- **Instructions to follow**
An exact copy of the entries below is required, with all pictures removed.

== Provided data ==

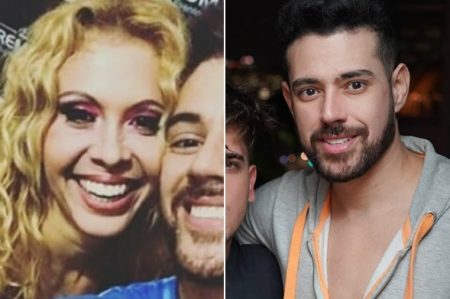 Após filmes adultos gays, ex-bailarino de Joelma faz confissão sobre Ximbinha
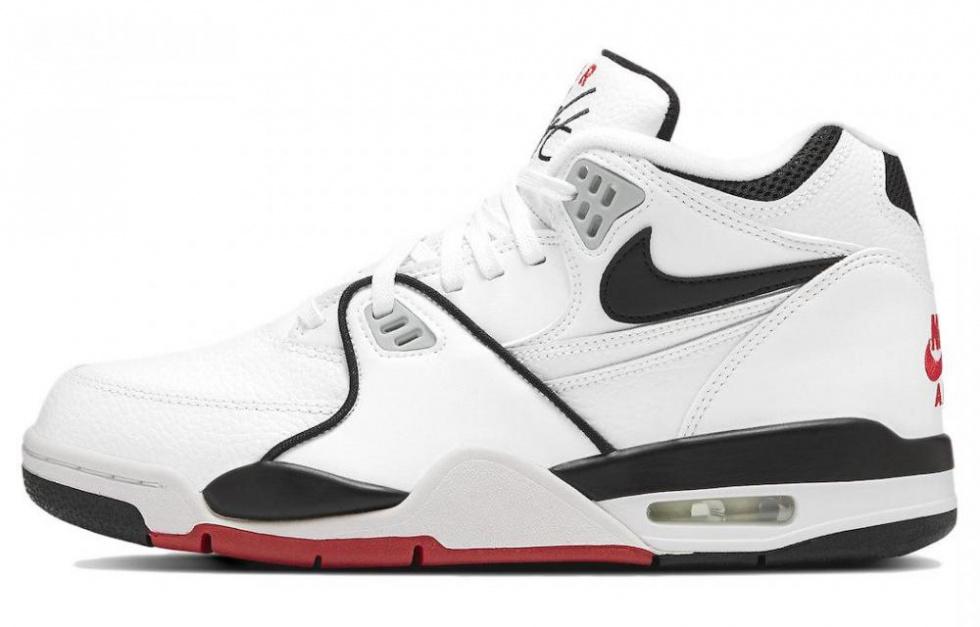 Nike Air Flight 89 'White Black'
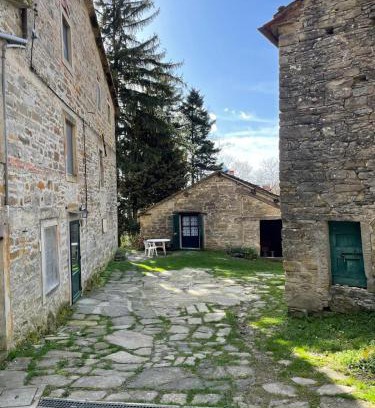 San Godenzo House | SO MAGIC - La casa nel bosco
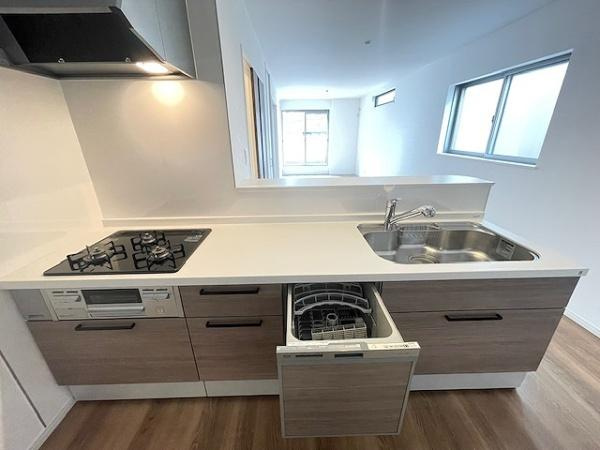 【キッチン】 | 大阪市東成区大今里南2丁目　中古戸建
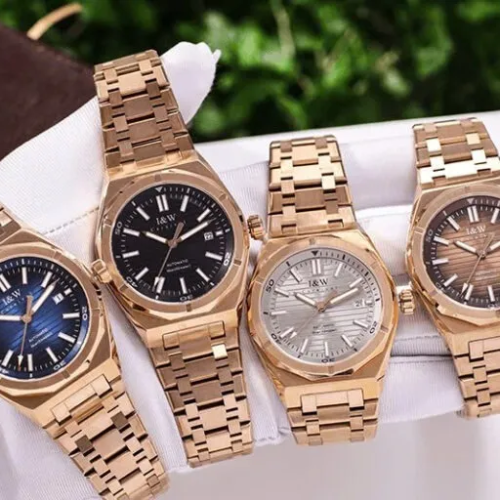 Đồng Hồ I&W Carnival 42mm Nam 711G-VH-X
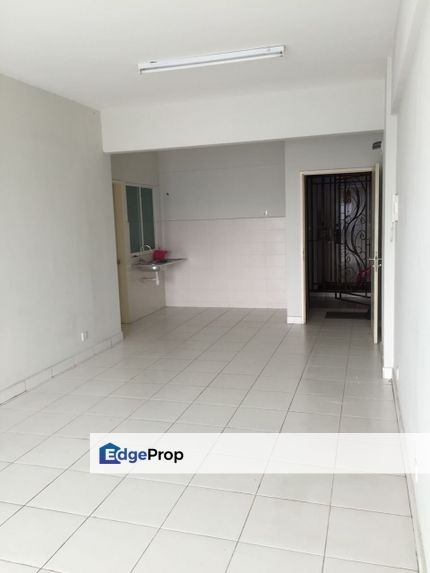 Cash back first residence fir sell kepong high floor, Kuala Lumpur, Kepong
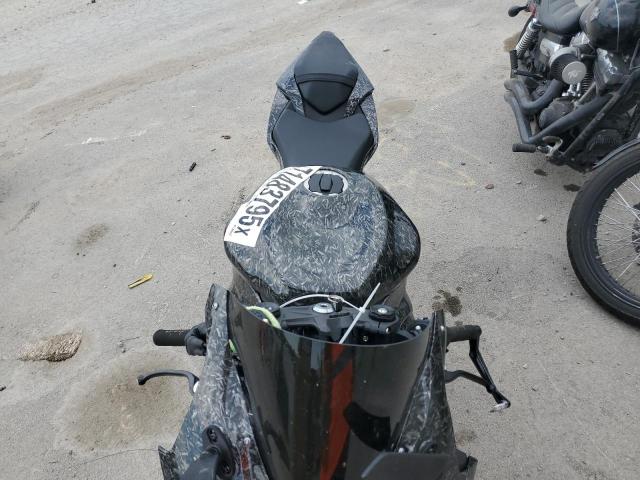 2025 KAWASAKI ZX636 K - JKBZXJJ10SA021191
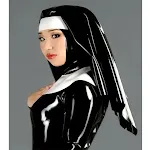 Latex non-hoofddeksel set van 2 — foto 3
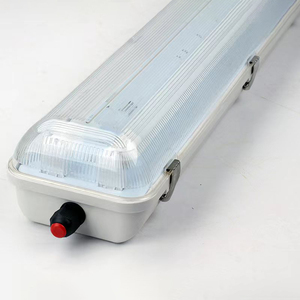 Chống Cháy Nổ Huỳnh Quang Ánh Sáng Phù Hợp LED Tri-Proof IP65 Đôi T8 Ống Đèn Chống Thấm Nước Nổ Bằng Chứng Lịch Thi Đấu Nhà Ở - Product Image 2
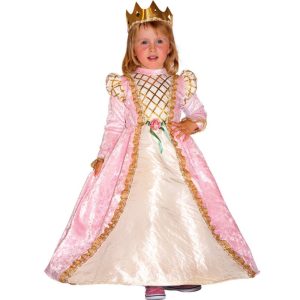 Costume Principessina 2/3 Anni 64050 CQ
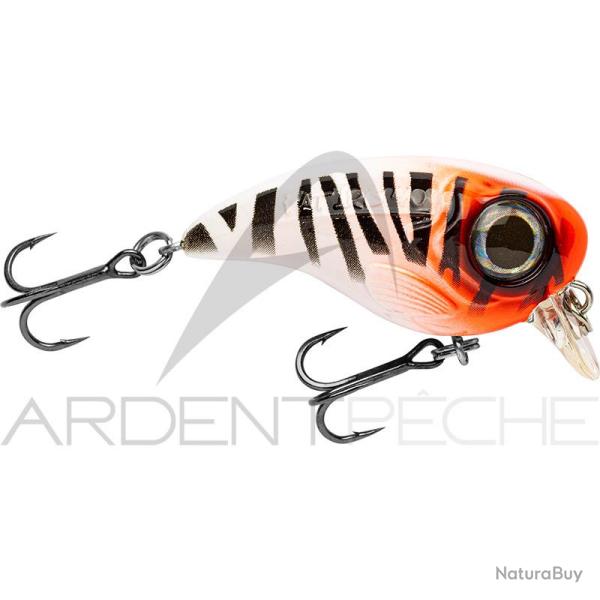 Crankbait SPRO Fat iris 40 Redhead tiger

===

- **Output for this exercise**
 Após filmes adultos gays, ex-bailarino de Joelma faz confissão sobre Ximbinha
 Nike Air Flight 89 'White Black'
 San Godenzo House | SO MAGIC - La casa nel bosco
 【キッチン】 | 大阪市東成区大今里南2丁目　中古戸建
 Đồng Hồ I&W Carnival 42mm Nam 711G-VH-X
 Cash back first residence fir sell kepong high floor, Kuala Lumpur, Kepong
 2025 KAWASAKI ZX636 K - JKBZXJJ10SA021191
 Latex non-hoofddeksel set van 2 — foto 3
 Chống Cháy Nổ Huỳnh Quang Ánh Sáng Phù Hợp LED Tri-Proof IP65 Đôi T8 Ống Đèn Chống Thấm Nước Nổ Bằng Chứng Lịch Thi Đấu Nhà Ở - Product Image 2
 Costume Principessina 2/3 Anni 64050 CQ
 Crankbait SPRO Fat iris 40 Redhead tiger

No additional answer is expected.